Freedom as a kind of prison? Well, I guess [the film] raises those kinds of questions, since it is showcasing, I think, the complexity of relationships. It asks questions of whether we even know what we want, whether we’re free or not––if that’s the best for us or having some kind of structure and rules in our lives is actually beneficial, or is it beneficial to also break away from them?
I don’t think I’m making any kind of, or have made any kind of, absolutes in my life, or come to a natural conclusion that freedom is a jail. I think. I just think it’s very complex to know exactly how to handle it and how to navigate those kinds of situations and relationships. But yes, when you are totally free, there’s a lot of responsibility that comes with that. Different people can handle it in different ways so that, for someone, can be as restrictive as a prison.
Another director might have given us a slight hope at the end of such a film, but Kinds of Kindness is a bit… can we say hopeless?
Not having any hope? This particular one, I don’t know.
I mean, is it a reflection of your vision toward today’s society?
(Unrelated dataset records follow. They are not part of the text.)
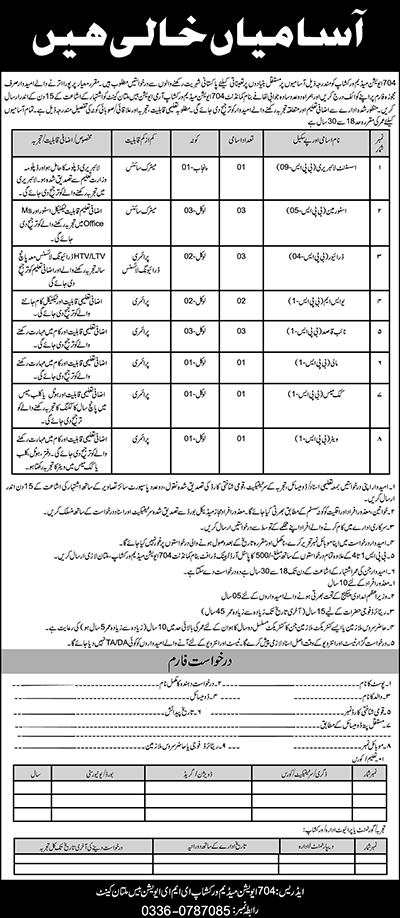 Government Jobs In Multan Today For Storeman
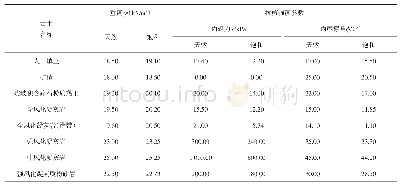 表1 岩土体物理力学计算参数建议值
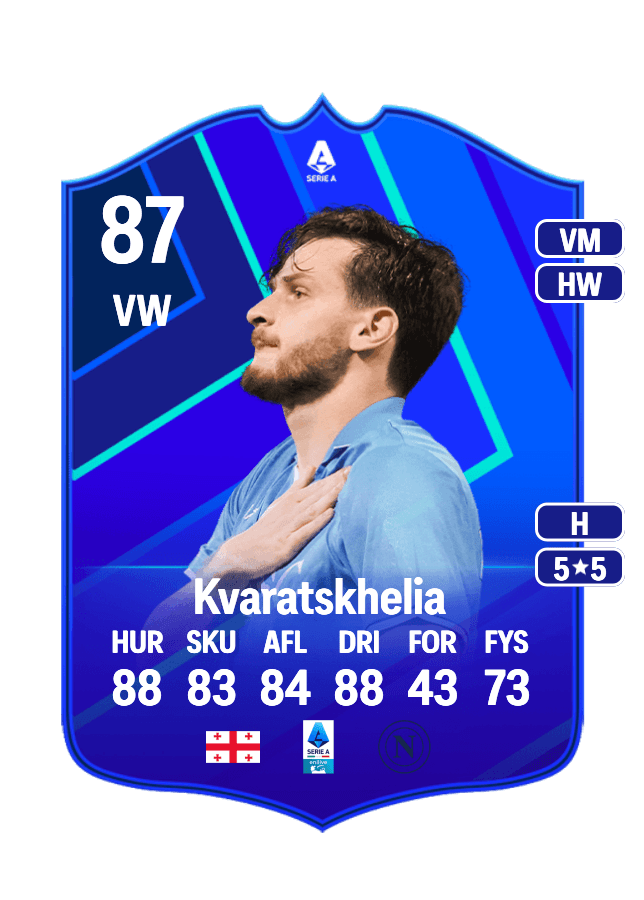 Khvicha Kvaratskhelia card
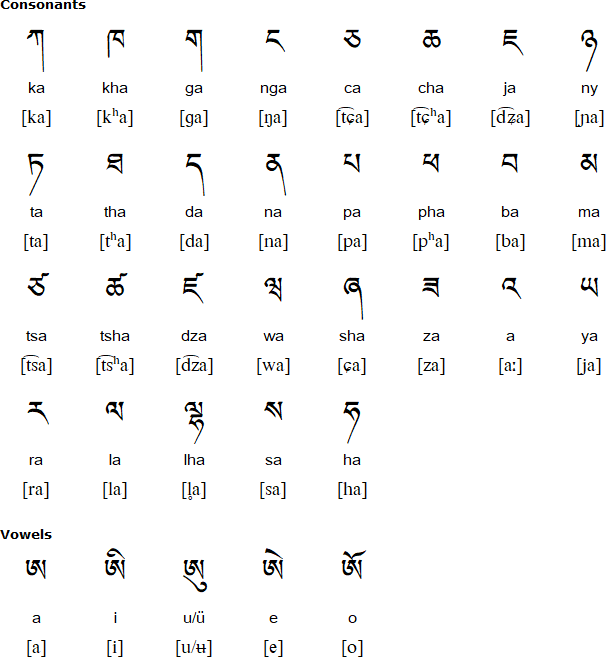 Chocha Ngacha alphabet and pronunciation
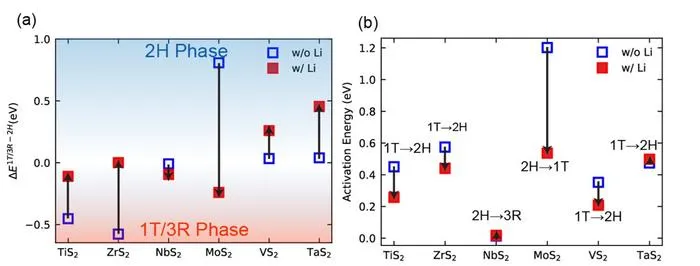Lithium intercalation modulates phase stability and activation energy barriers in IV–VI group transition metal dichalcogenides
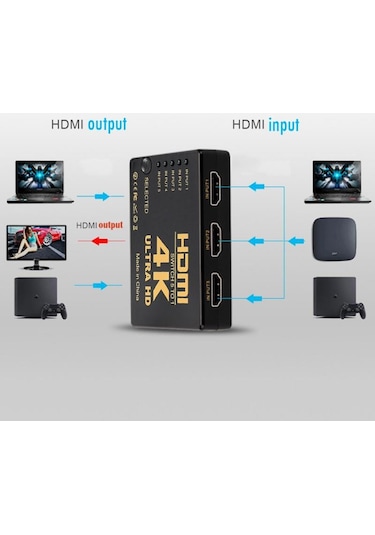Gplus Ifswt-501 5 Port Kumandalı 4K 2160P 3D Uyumlu Hdmi Switch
I don’t know. I just made a film before [Poor Things] that had a happy ending. [Laughs] I mean, I don’t think hope necessarily comes from the plot of a film. I think hope for me is there, even if the film is quite dark. Humor helps and I think that [Kinds of Kindness] is quite funny. There’s something about looking at terrible things, but also seeing the humor in it and how ridiculous they are. That’s a certain kind of hope, because we’re human beings, and I think we can’t avoid––after we experience and process terrible things––to see the humorous aspect of them. So I see this as a part of my offering of hope.
And I think it’s just the fact that you create these works that reflect the world and show even terrible things, and then people look at them and can start thinking about these things and ask questions about freedom or whatever, that’s hopeful. I think the process also is hopeful, like watching films is hopeful. The catharsis doesn’t have to be ingrained in the plot of a film, but it comes also from the collective act of watching it, thinking about it, discussing it with ourselves, thinking about it again, seeing it at another time when we feel differently. We then see different things.
Kinds of Kindness premiered at the 2024 Cannes Film Festival and opens on June 21.